In 2023 gaf 17 procent van alle werknemers (15 tot 75 jaar) aan in de afgelopen twaalf maanden met ongewenst gedrag op het werk te maken hebben gehad. Naast de zorg (30 procent), kwam ook in de horeca ongewenst gedrag relatief vaak voor (20 procent). Werknemers in de landbouw en in de bouw ervoeren het juist relatief weinig.
Ruim 1 op de 5 vrouwelijke werknemers ervaart ongewenst gedrag
Vrouwelijke werknemers geven vaker aan dat zij in de afgelopen twaalf maanden met ongewenst gedrag te maken hebben gehad: 21 procent, tegen 13 procent van de mannelijke werknemers. Dit speelt mee bij het relatief hoge percentage ongewenst gedrag in bedrijfstakken waar veel vrouwen werken, zoals de zorg en het onderwijs. In die twee bedrijfstakken was in 2023 respectievelijk 82 en 65 procent van de werknemers vrouw. In de bouw was dit 14 procent.
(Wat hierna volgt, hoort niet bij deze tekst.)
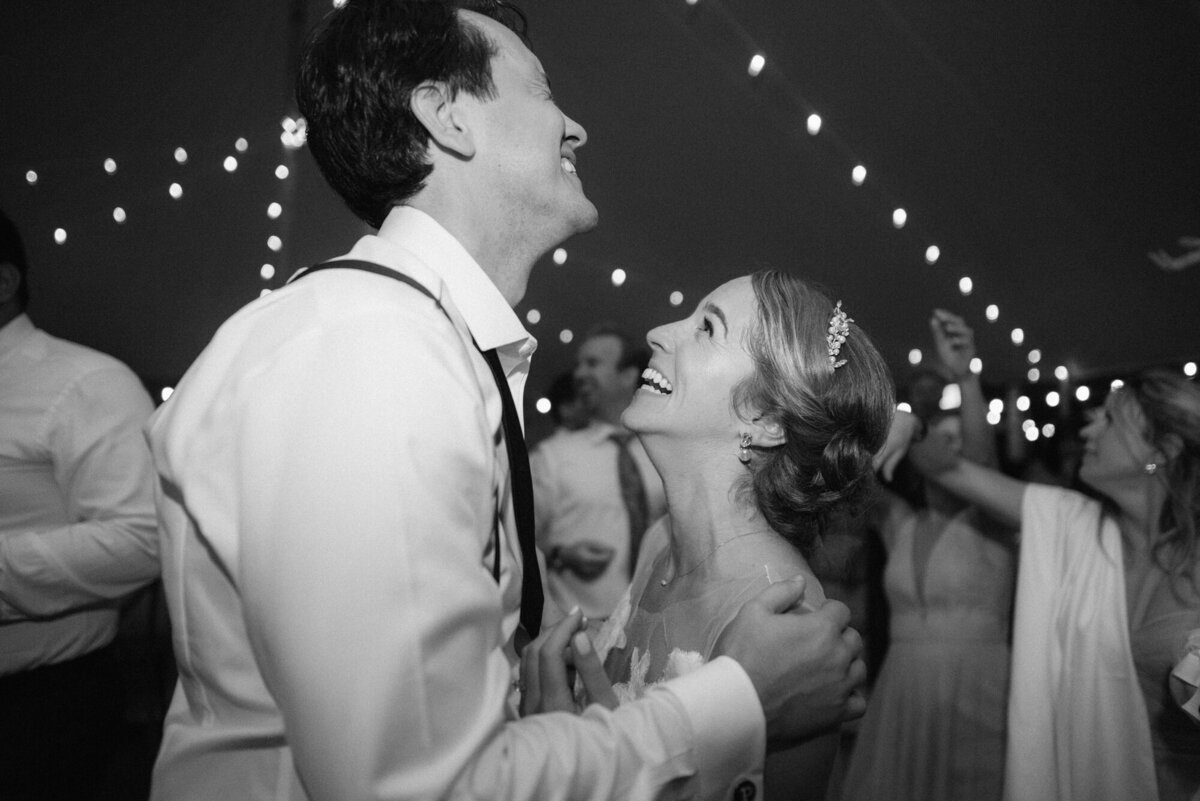 Real-Genuine-Wedding-Moments-Lance-Nicoll-111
Vaker ongewenst gedrag bij veel contact
Ongewenst gedrag komt ook vaker voor als het werk meer contact met collega’s, klanten, patiënten of leerlingen met zich meebrengt. Werknemers in de zorg en horeca gaven met ruim 75 procent het vaakst aan dat zij (vrijwel) de hele dag andere mensen op het werk ontmoeten. In de ICT en de financiële dienstverlening gold dat voor minder dan 40 procent van de werknemers, het laagst van alle bedrijfstakken. In deze bedrijfstakken ervoeren relatief weinig werknemers ongewenst gedrag.
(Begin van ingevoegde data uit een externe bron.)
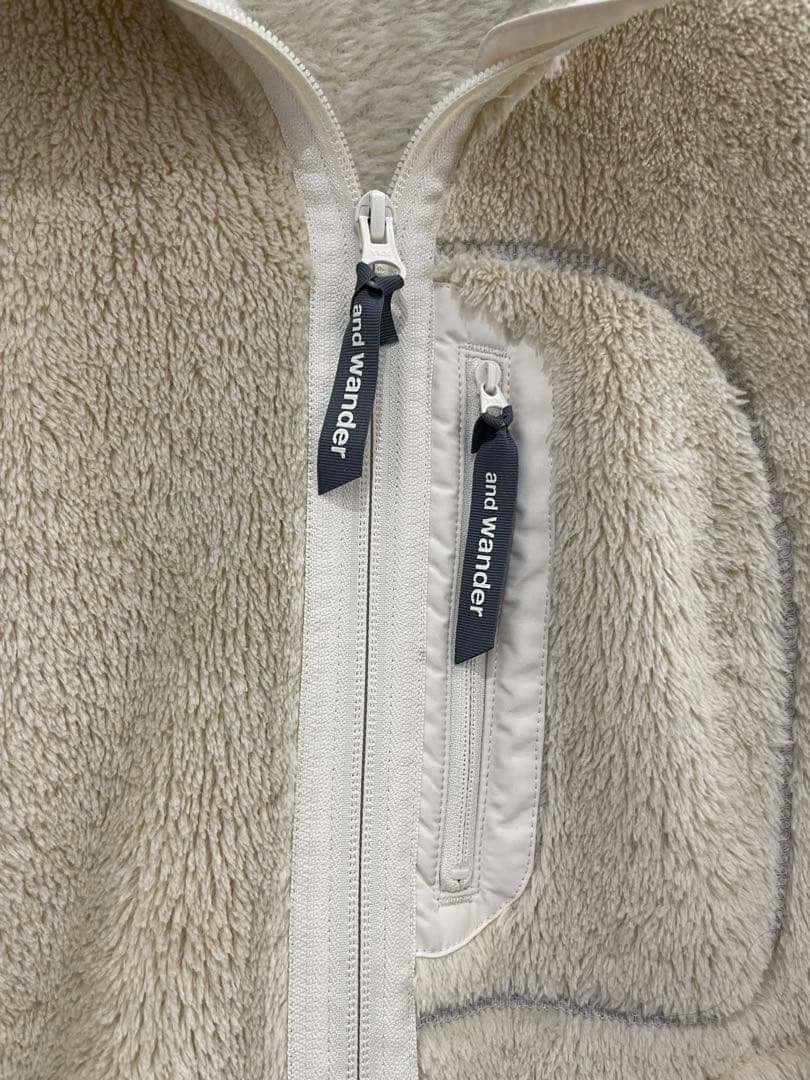 更に値下げ！and wander high loft fleece jacket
Mannen en vrouwen in zorg vrijwel even vaak last van ongewenst gedrag
Net als gemiddeld voor alle werknemers, loopt ook in de zorg en in de horeca het aandeel dat ongewenst gedrag ervaart op, naarmate er vaker contact met anderen is. Dit geldt voor zowel mannen als vrouwen. In totaal voor de zorg verschilt het aandeel dat ongewenst gedrag heeft ervaren niet noemenswaardig tussen mannelijke (29 procent) en vrouwelijke werknemers (30 procent).